The glue on pizza thing was a bit more pernicious because of how the model came to that conclusion: SERPs. Google's LLM pulled the top result for that query from Reddit and didn't understand that the Reddit post was a joke. It took it as the most relevant thing and hilarity ensued.
In that case the error was obvious, but these things become "dangerous" for that sort of use case when end users trust the "AI result" as the "truth".
Treating "highest ranked," "most upvoted," "most popular," and "frequently cited" as a signal of quality or authoritativeness has proven to be a persistent problem for decades.
Depends on the metric. Humans who up-voted that material clearly thought it was worth.
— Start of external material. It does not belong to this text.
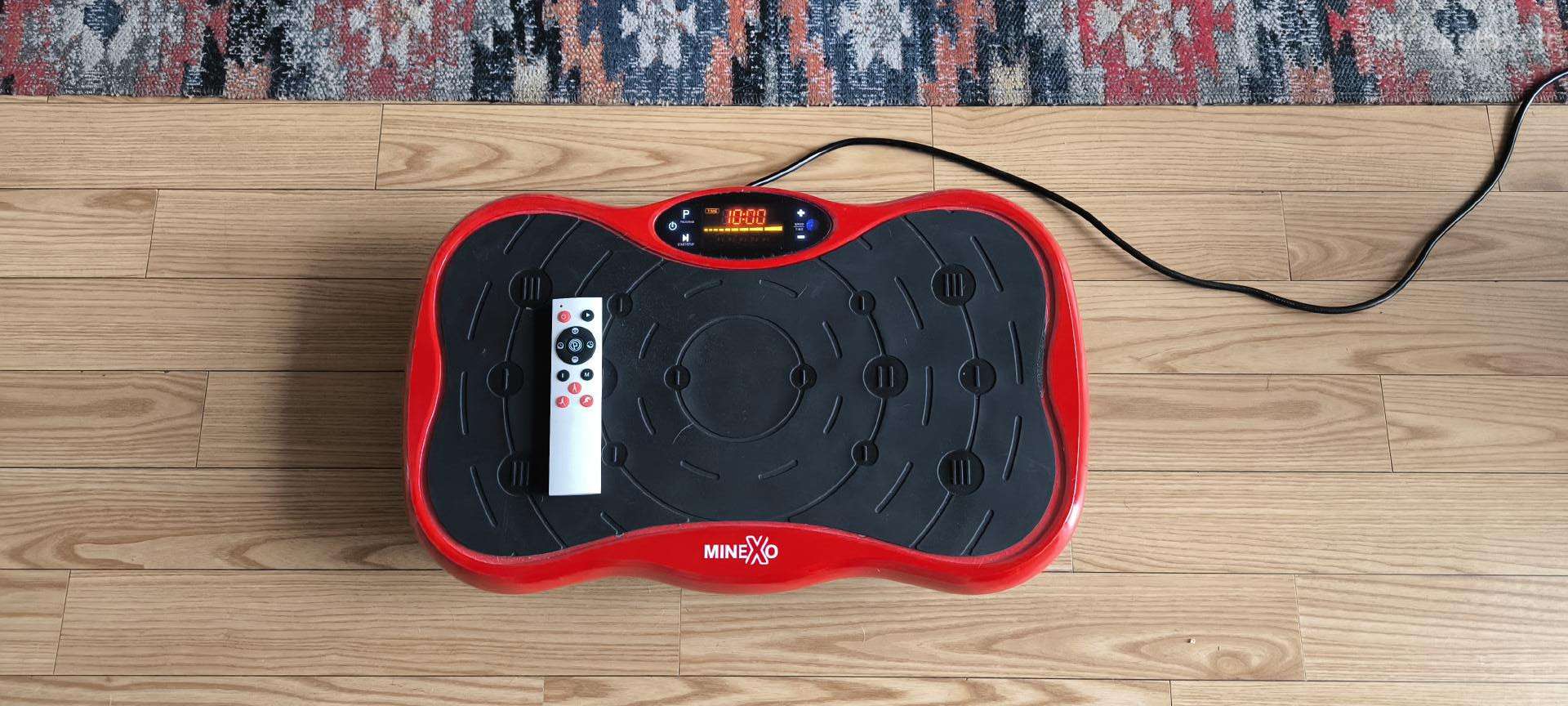 Vibracijos platforma sukudimui ,riebalu deginimui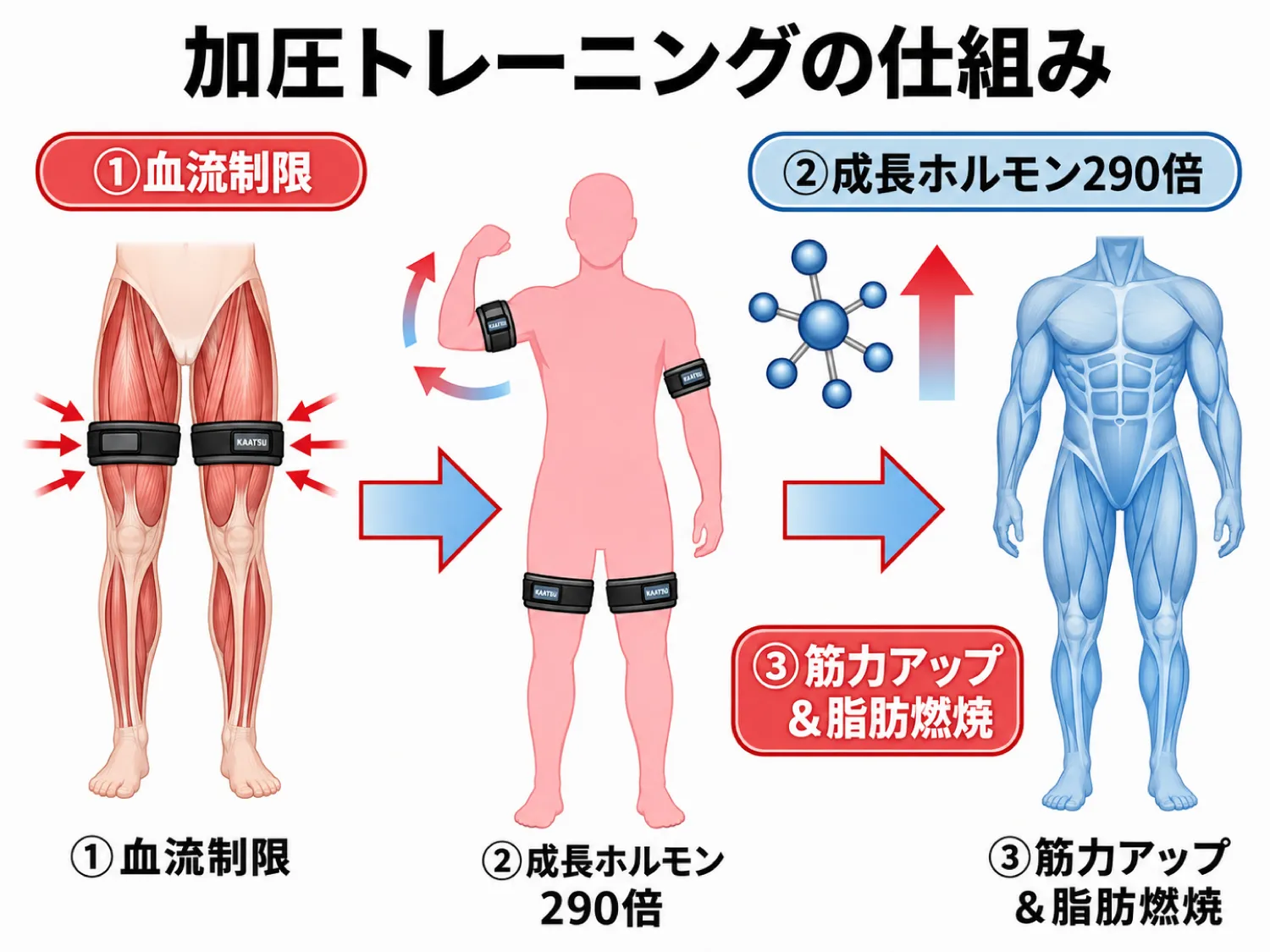 加圧トレーニングの様子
The problem is distinguishing the various reasons people think something is worth and using the right context.
That requires a lot of intelligence.
The fact that modern language models are able to model sentiment and sarcasm as well as they do is a remarkable achievement.
Sure there is a lot of work to be done to improve that, especially at scale and in products where humans are expecting something more than a good statistical "success rate", but they actually expect the precision level they are used from professionally curated human sources.
In this case it was a loss of context.
The original post was highly upvoted because in the context of jokes it was considered good.
Take it out of that context and treat "most upvoted" as a signal that means something like authoritativeness and the result will be still be hilarious,
but this time unintentionally so.
In that case the error was obvious, but these things become "dangerous" for that sort of use case when end users trust the "AI result" as the "truth".